- **Work to complete**
Keep the lines exact and the pictures out as you repeat the following listing.

- **Input data**
= = = = = = =

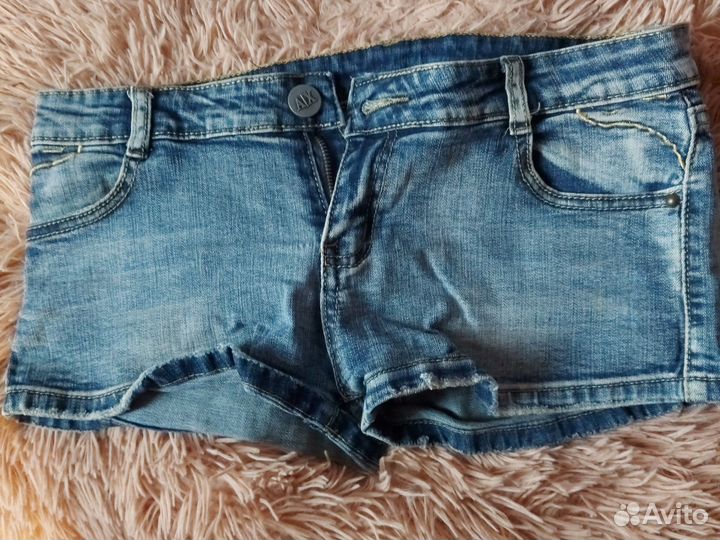 Одежда. Шорты майки. Бюстгальтеры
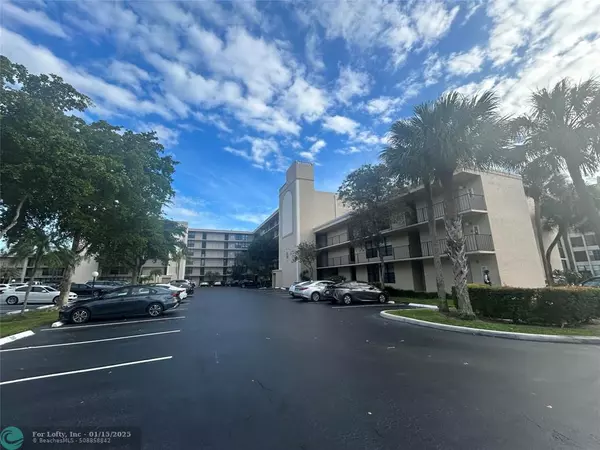 8 Royal Palm Way  #202, Boca Raton, FL 33432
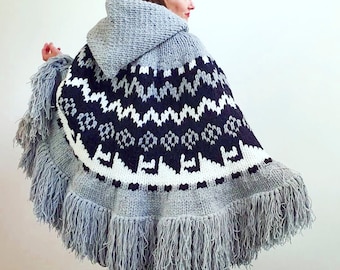 Alpaca sweater poncho with Icelandic pattern and hood by SuperTanya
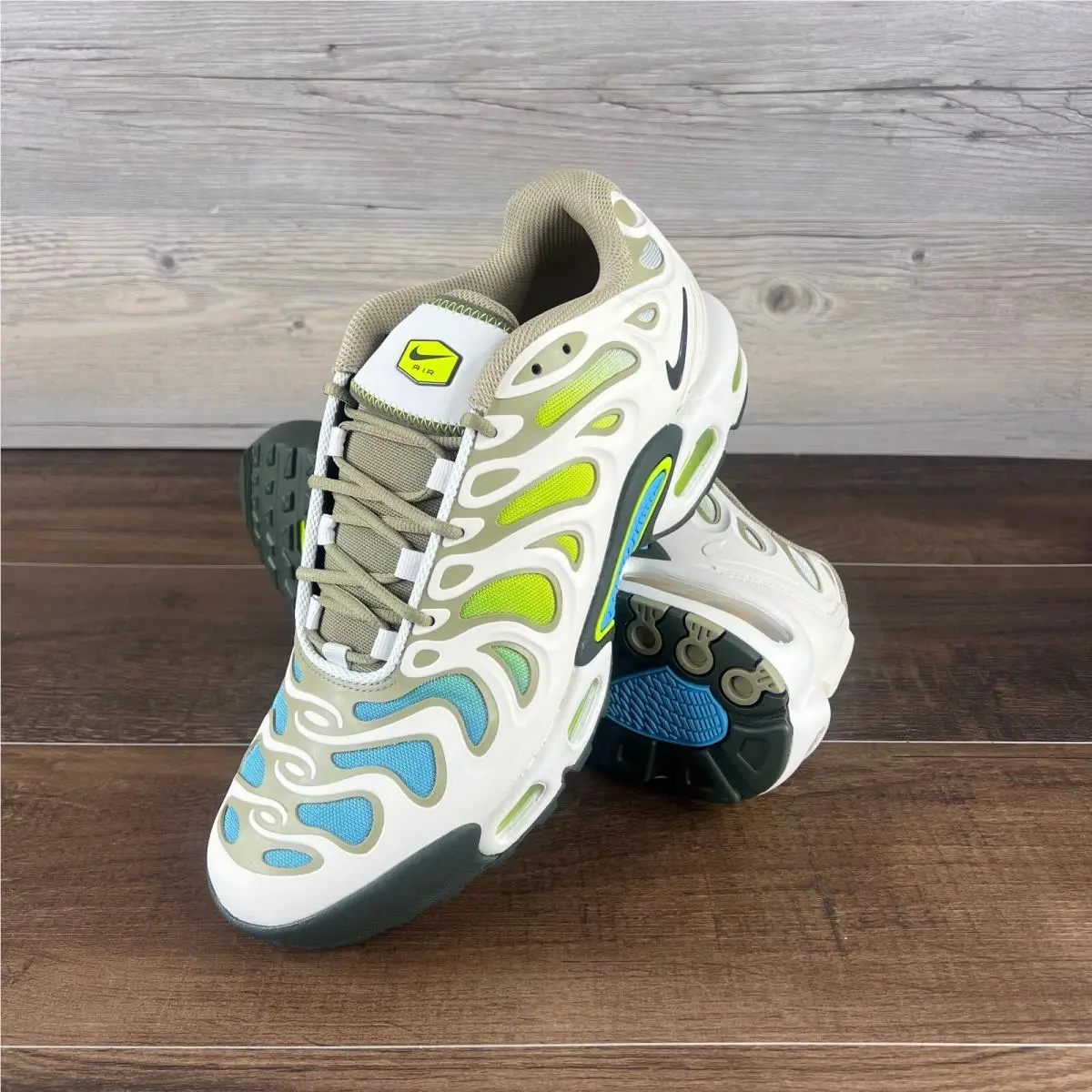 Nike Air Max Plus Drift Phantom Cyber Mens Size 10 Baltic Blue FD4290 008 - Cream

= = = = = = =

- **Expected output**
 Одежда. Шорты майки. Бюстгальтеры
 8 Royal Palm Way  #202, Boca Raton, FL 33432
 Alpaca sweater poncho with Icelandic pattern and hood by SuperTanya
 Nike Air Max Plus Drift Phantom Cyber Mens Size 10 Baltic Blue FD4290 008 - Cream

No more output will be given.